Рубашкин увидел, что пыл сборища сникает, и крикнул:

— Ну так как же, братва, будем ли пассивно и беспрекословно сносить подозрительные выходки нового директора или мужественно и честно его осадим?

— Не осадим, а поправим, — сказала Тоня.

— Обязательно осадим! — крикнул Женька запальчиво, сердясь на всех за то, что его никогда не принимали всерьез, хотя он считал себя уже вполне созревшим для разрешения всех злободневных вопросов, и особенно тех, которые касались просвещения и воспитания народа.

— Надо поглядеть, Рубашкин, как у директора дела дальше пойдут, — послышались голоса. — Может быть, он выправит сбою линию… А нам поспешным решением не впасть бы в ошибку… Наломать дров больно легко. Пусть директор целиком выкажет свое лицо…

— Пока мы будем ждать да смотреть, как он станет показывать себя, упустим время, и он согнет нас в бараний рог, — сказал Рубашкин. — Богородский, чего ты там улыбаешься, как Бисмарк? Что нашел веселого, когда идет серьезная дискуссия.

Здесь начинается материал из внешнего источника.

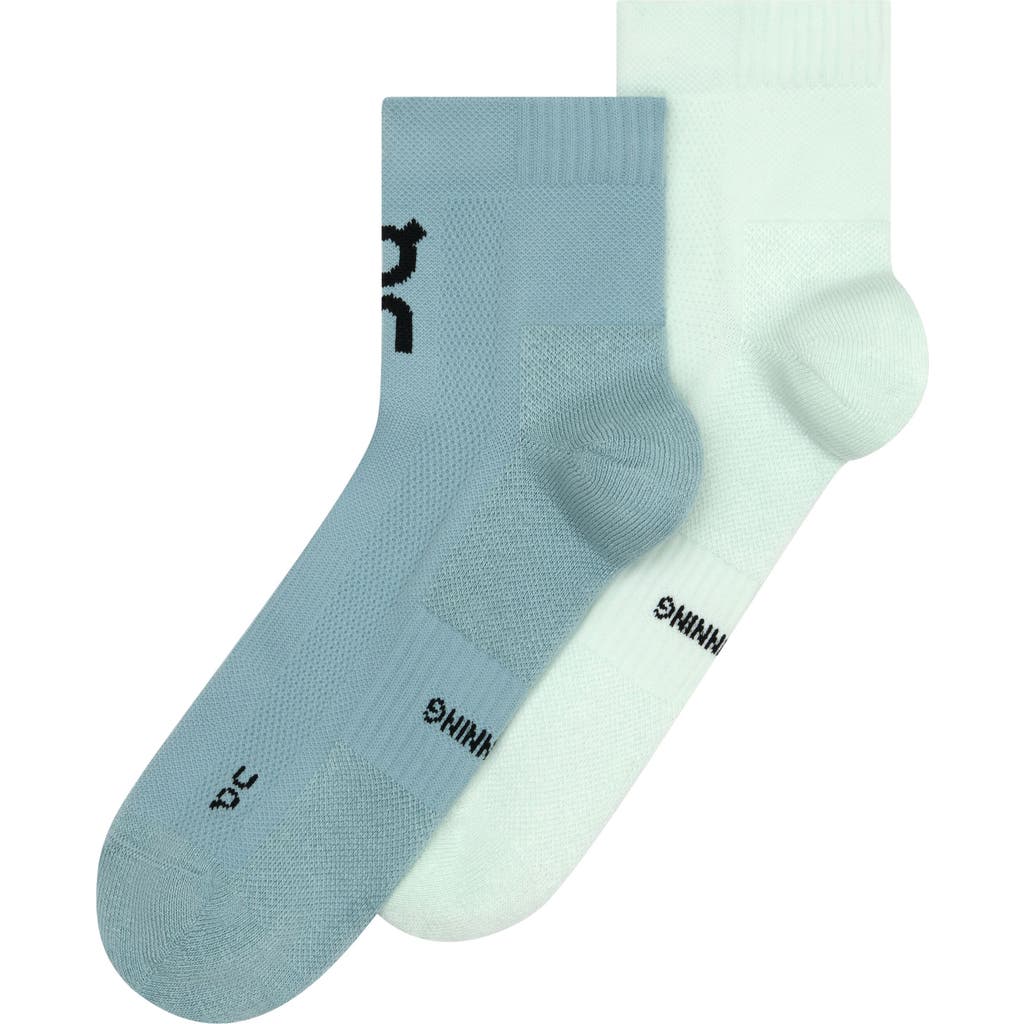 On Core Mid 2-pack Run Socks In Flurry/wash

Как ты думаешь по этому поводу, уж просвети нас, дураков.

— Я думаю, что вопрос, как учить и выбирать методы обучения, это принадлежит исключительно компетенции учителей и руководителей учебных заведений.

— А мы, по-твоему, пешки? Должны двигаться, только когда нас пихнут. А до тех пор должны молчать?

— Я думаю, что если чего-нибудь человек не знает, то лучший для него выход — помолчать.

— Это аксиома, — сказал Рубашкин.

— А коли это аксиома, так аксиому следует не дискуссировать и не доказывать, а только заучить…

Послышались смешки в адрес Рубашкина. Рубашкин остановил шум и сказал язвительно:

— Вот ново, вот умник. Открыл нам новую правду жизни…

— Что поделаешь, — ответил Богородский в том же спокойном тоне, — что поделаешь, если правда каждый раз заново должна находить себе дорогу.

— Да брось ты, Рубашкин, с ним препираться, — сказал кто-то. — Его не убедить. У него и отец схоластом был, изучал герменевтику и гомилетику. Насобачились.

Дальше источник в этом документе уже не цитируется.